Guest Reviewer: Christine Davidson, 31st April
Having seen this musical a few years ago I was, at that time, really not impressed, so it was with great joy that this time around I saw a really fresh, joyous, funny musical with a huge, enthusiastic cast, who gave us a wonderful evening of entertainment.
The NODA award winning director Clare Carr gave us a really excellent, well thought out production. With an open setting, using set pieces for the scene changes, the show never flagged and even when there were large changes by the cast themselves, they were well drilled and controlled so that it all seemed seamless.

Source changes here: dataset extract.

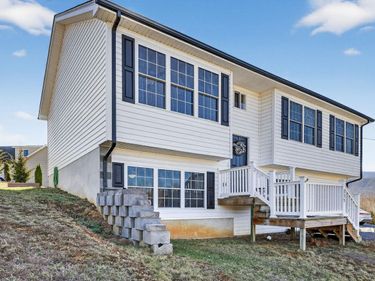 235 LOCUSTDALE LOOP, SHENANDOAH, VA 22849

Musical Director Susannah Edom and her orchestra enhanced the show with the bright tunes which summed up the period, never overshadowing the singers on the stage.

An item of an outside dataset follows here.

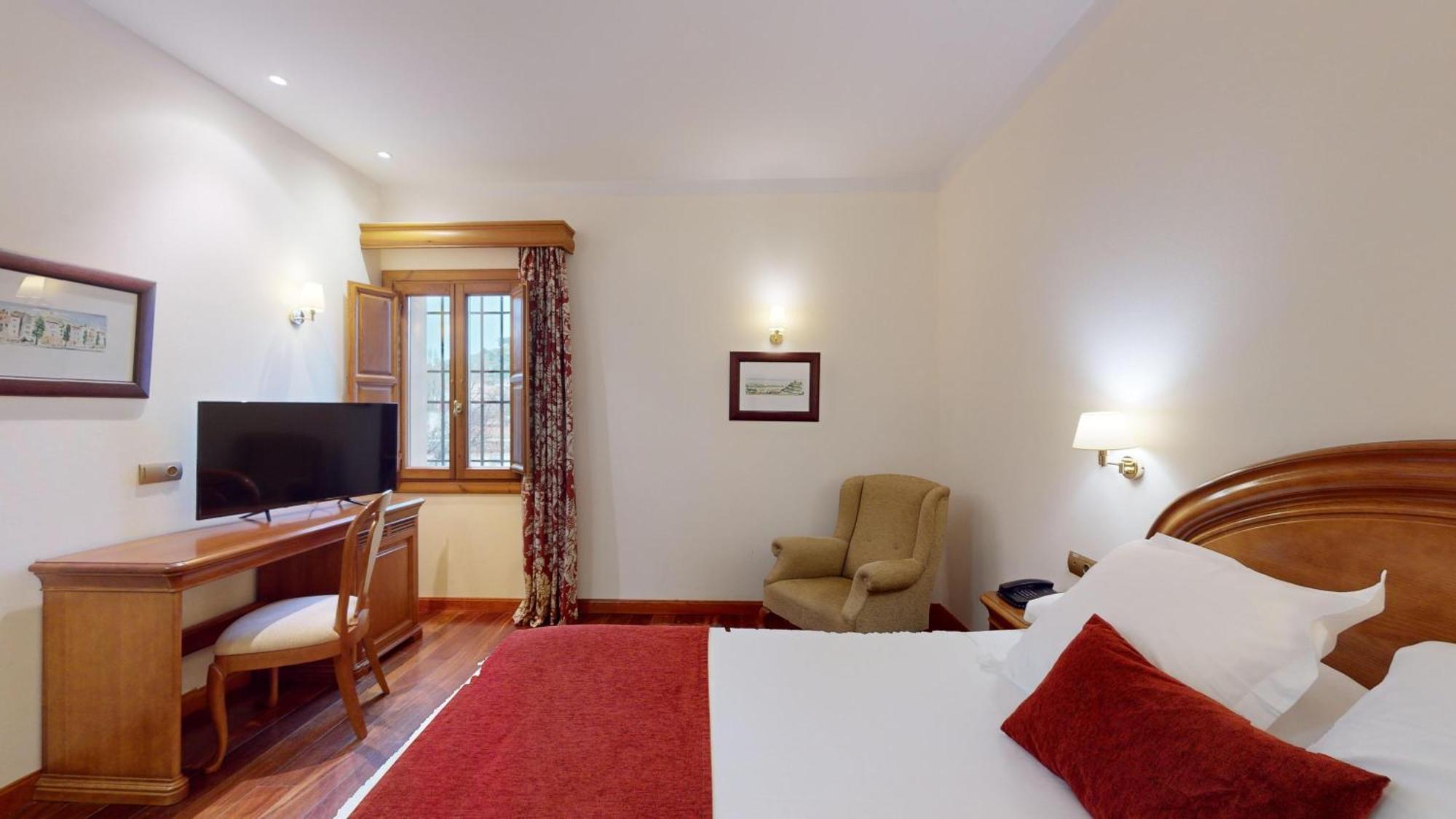 Azz Penafiel Las Claras Hotel & Spa ภายนอก รูปภาพ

Set in Shepardsford Yorkshire in 1947, where the villagers continue to have food rationing following the end of the war, the only thing for them to look forward to is the impending marriage of Princess Elizabeth to Prince Philip. A lavish banquet is organised and they are hiding a pig, Betty Blue Eyes, named after the Princess.

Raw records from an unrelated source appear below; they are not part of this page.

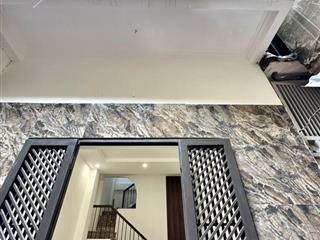 Nhà đê la thành 40m2 5 tầng 6 tỷ chín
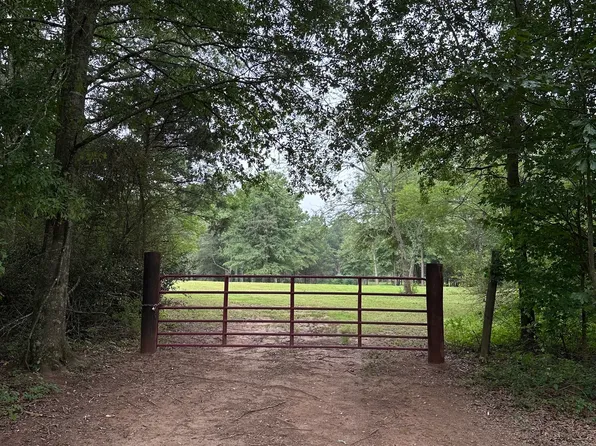 440 W Williamson Rd, Williamson, GA 30292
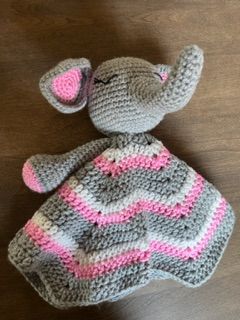 Doudou éléphant au crochet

Hero of the show was the downtrodden chiropodist, Gilbert Chilvers, played by Matt Bacon. He showed us the kind gentle man he was with a terrific singing voice. His strident dominant wife Joyce, was played with powerful conviction by Aimee Hart. What a pairing this was. A true delight to see the pair of them, work so well with each other. I loved the scene too where she sung 'Nobody' with the fantastic ensemble and was changed behind the feathered fans, into an evening dress.
Singing Magic Fingers were the trio were Mrs Roach, Mrs Turnball and Mrs Lester. (Amy Pryce, Tracy Hackett and Megan Abbott) This was beautifully portrayed with lovely harmonies.
The fabulous conniving trio of Dr James Swaby, Henry Allardyce and Francis Lockwood (Stewart Atkins, David Slater and Dannii Carr) were so much fun on stage. The three singing 'A Private Function was truly special; while Allardyce and Gilbert sang 'Betty Blue Eyes' with such love for the pig.. Well done gentlemen for bringing such humour to the show. As for the toilet scene, this was very English humour and had the audience in stitches.
Mother Dear (Fiona Bocking) was delightful; she played the role with excellent humour and a very funny performance which all of the audience loved. Good facial expressions and body language, this was truly a role for a mature performer to grab.
The villain of the piece is Inspector Wormold (Ian Gilbert) Dressed in a long black leather coat and black hat, typical of the Gestapo. He was wonderfully over the top and played the role as a pantomime villain to perfection, with excellent stage presence. Entering in green light and taking great glee painting the meat green so it could not be eaten, he commanded the stage. I felt like booing him every time he entered.
Betty Blue Eyes was obviously the star of the show and was operated well by Alice Mason. The trick when you operate a puppet is not to look at the audience but to become one with the creature. This she did and I totally believed in Betty on stage.
There were so many wonderful performances by the huge cast and as usual WAOS has true talent and gives us superb shows. Costumes, wigs, make up were appropriate to the late 40's early 50's and had been obviously well researched by the production team. Lighting was imaginative and sound quality good.
This was a super show, excellently directed by Claire and her assistant Emma Loring which brought laughter and happiness to the audience, who left the theatre having loved every moment. Huge congratulations to all.